Among the major changes to NEPA in this NPRM:

  • The CEQ will no longer be required to consider the cumulative effects of new projects (Note: In the past, EPA has defined cumulative as “the combined, incremental effects of human activity”. To date, courts have largely interpreted this as assessing a project’s contributions to climate change);
  • The definition of environmental “effects” (quotes theirs) will be simplified and officials will be required to consider effects of a project that are reasonably foreseeable and show a reasonably close causal relationship;
  • Agencies will be required to complete EISs in two years and page limits would be specified;
  • Project leaders will be required to coordinate with only one agency instead of each agency with jurisdiction over the project;
  • Applicants and contractors will assume a greater role in EIS preparation

In addition to these procedural changes, the proposed rule would enable more “efficient reviews” (quotes theirs) by facilitating the less cumbersome categorical exclusions and environmental assessments processes, thus allowing projects to bypass the full EIS.

Reactions and next steps

The proposed rule has been met with mixed feedback.

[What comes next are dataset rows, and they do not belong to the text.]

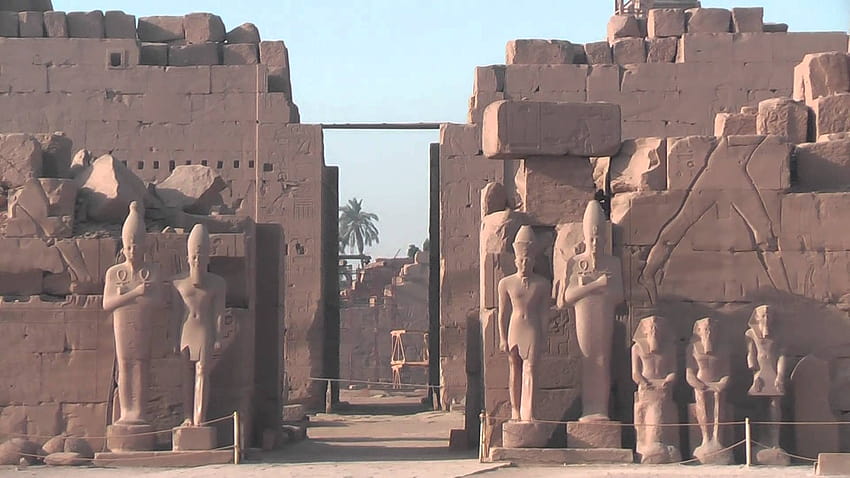 020 – Temple of Amun HD wallpaper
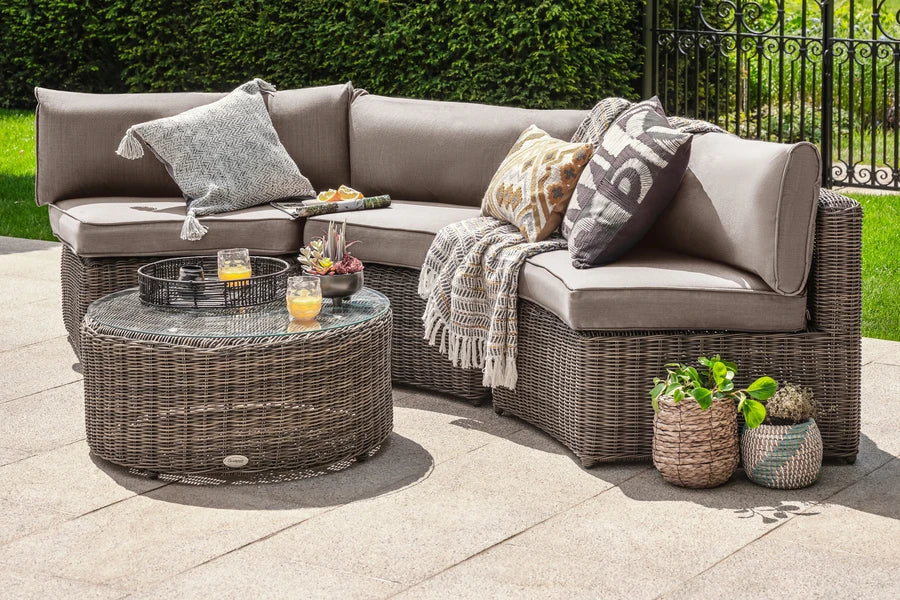 Rattan Corner Sofa Rattan Furniture Set B&m B&m Sorrento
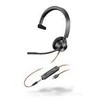 Ausinės HP POLY BW 3315 USB-C HS +3.5MMP - +USB-C/A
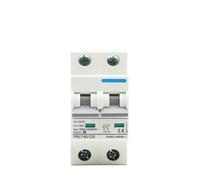 2P AC 230/400V Circuit breaker MCB 6A 10A 16A 20A 25A 32A 40A 50A 63A Circuit Protector YRL7-63 MQXFCZUX(32A)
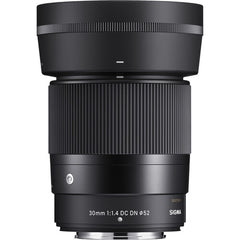 SIGMA AF 30mm F1.4 DC DN - FUJI X MOUNT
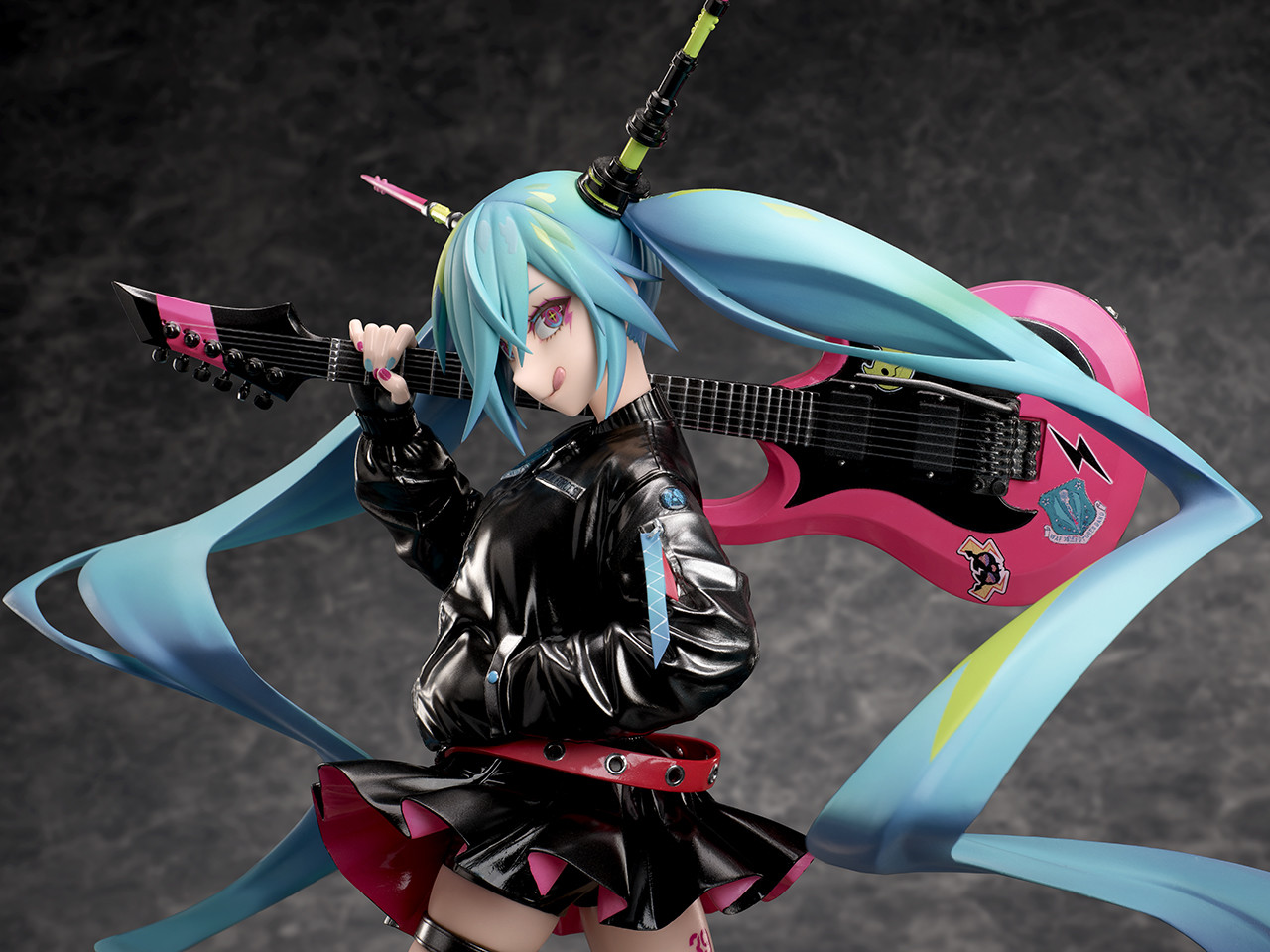 Piapro Characters - Hatsune Miku - 1/7 - LAM Rock Singer Ver. (Stronger, Tokyo Otaku Mode) photo 3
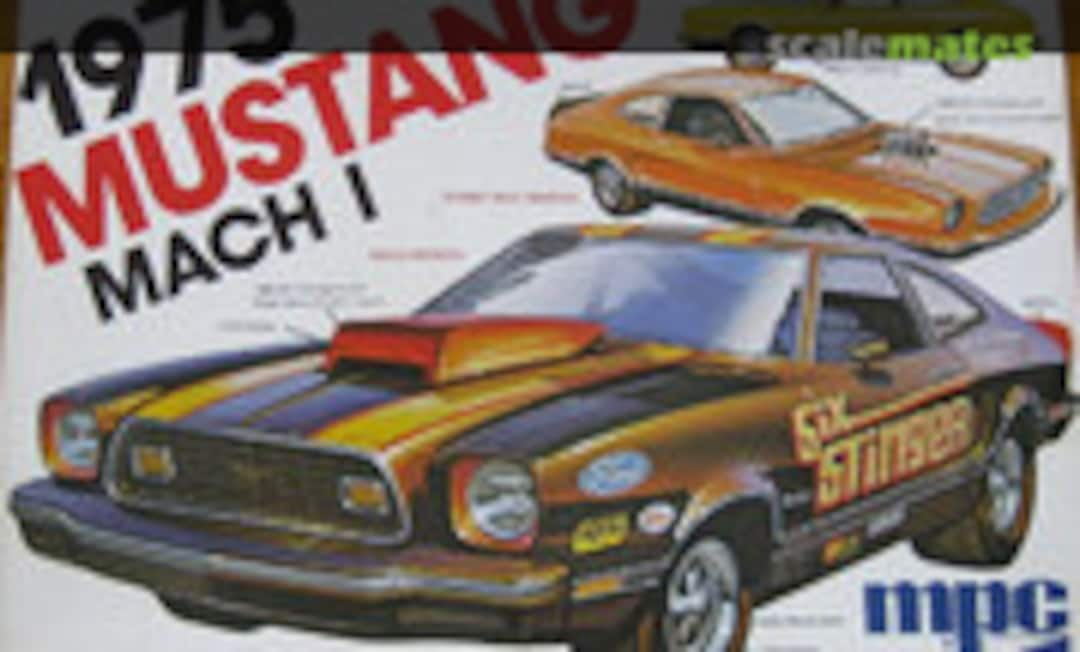 1:25 1975 Mustang Mach I (MPC 1-7513)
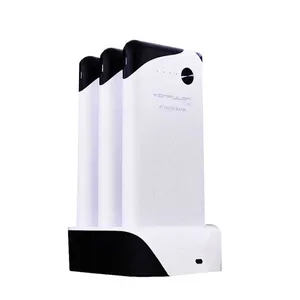  پاوربانک کانفلون مدل PS-01 ظرفیت ۳۰۰۰۰ میلی آمپر ساعت بسته سه عددی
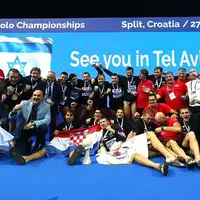 Vaterpolo Hrvatska EPA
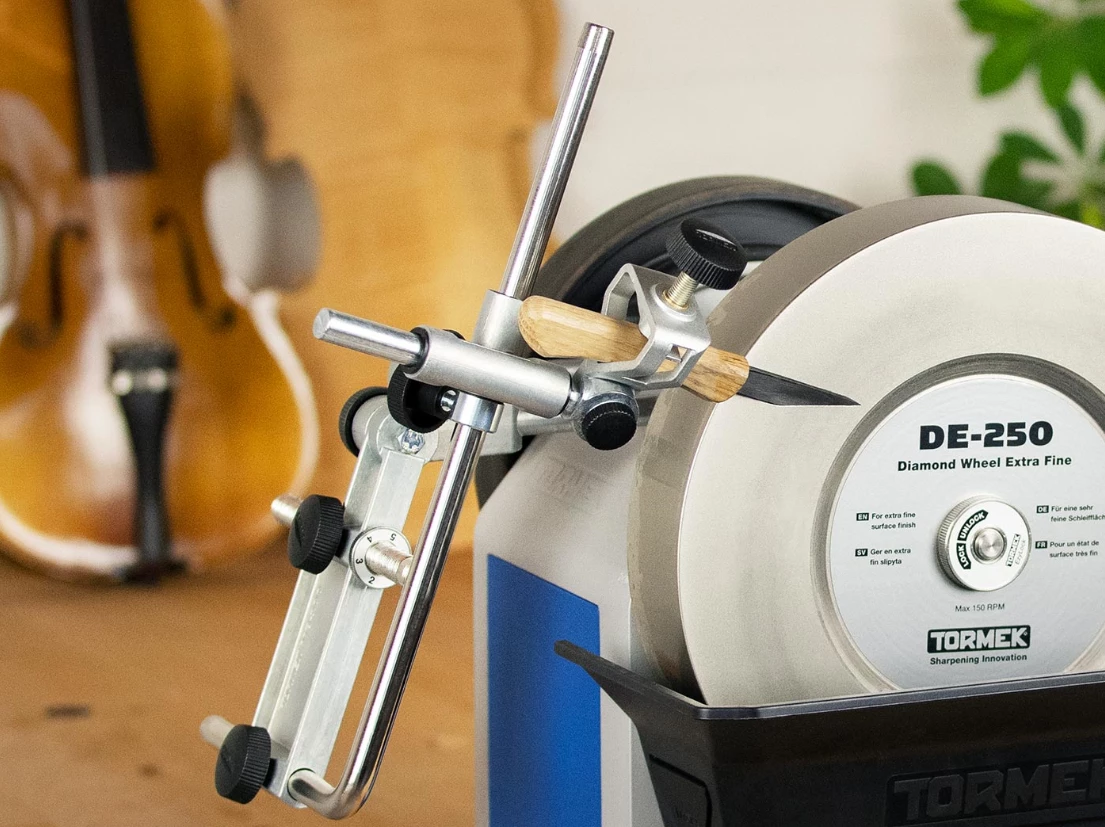 TORMEK - SVD-186 R Dispositif Pour Gouges | Accessoire pour Affûteuses TORMEK | Affûtage Précis des Outils – Image 7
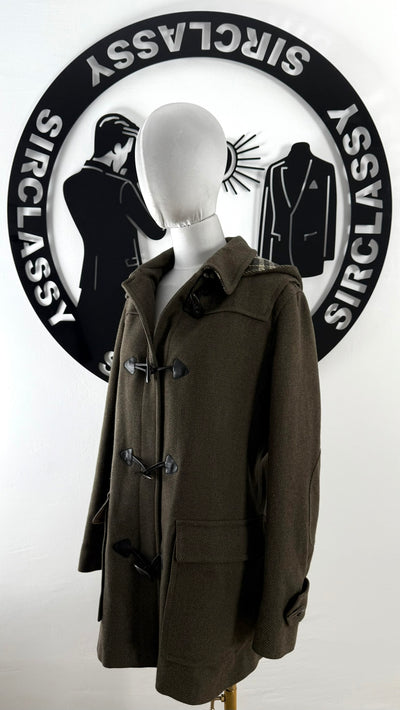 Abrigo Burberry (M)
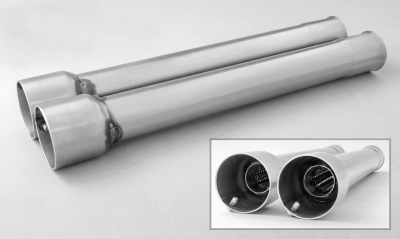 QUIET BAFFLES F/3.25" SLIP-ONS (FR)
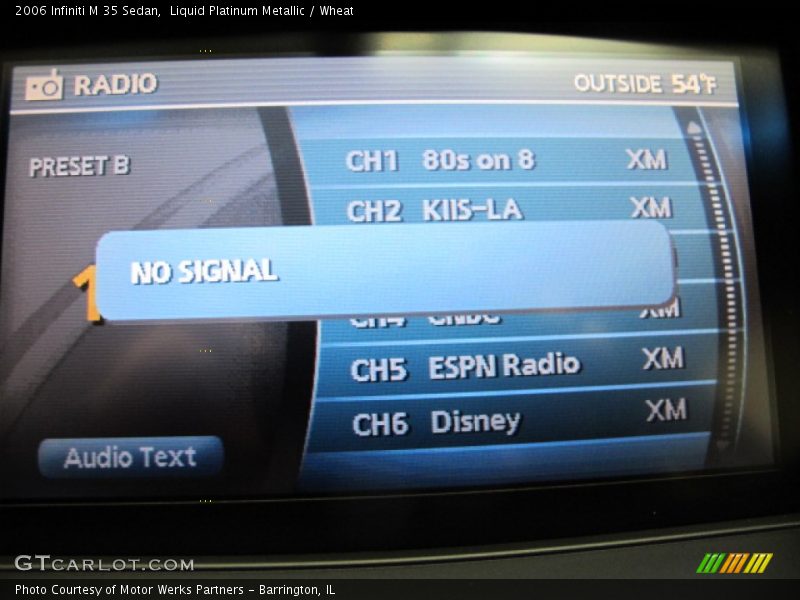 Liquid Platinum Metallic / Wheat 2006 Infiniti M 35 Sedan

In a statement, House Transportation and Infrastructure chairman Peter DeFazio (D-OR) called it “reckless and costly” and referred to its negative effects on not only the environment, but also on public health. The construction industry and the Chamber of Commerce, on the other hand, welcome the overhaul, indicating that shorter decision timelines will lead to economic benefits as projects are accelerated.

In a statement, Rep. Raúl Grijalva (D-AZ) indicated that the changes are illegal, pointing to past court rulings stating that NEPA must consider climate change. Environmental lawyer Richard L. Revesz echoed this in a statement to the New York Times, specifying that the new regulation cannot change the statute that environmental consequences be assessed in the NEPA process, and that under this new rule, agencies may actually be more likely to be sued for inadequate reviews.

The proposal is now open to public comment for 60 days and two public hearings before it is finalized. The final rule is expected sometime in the fall.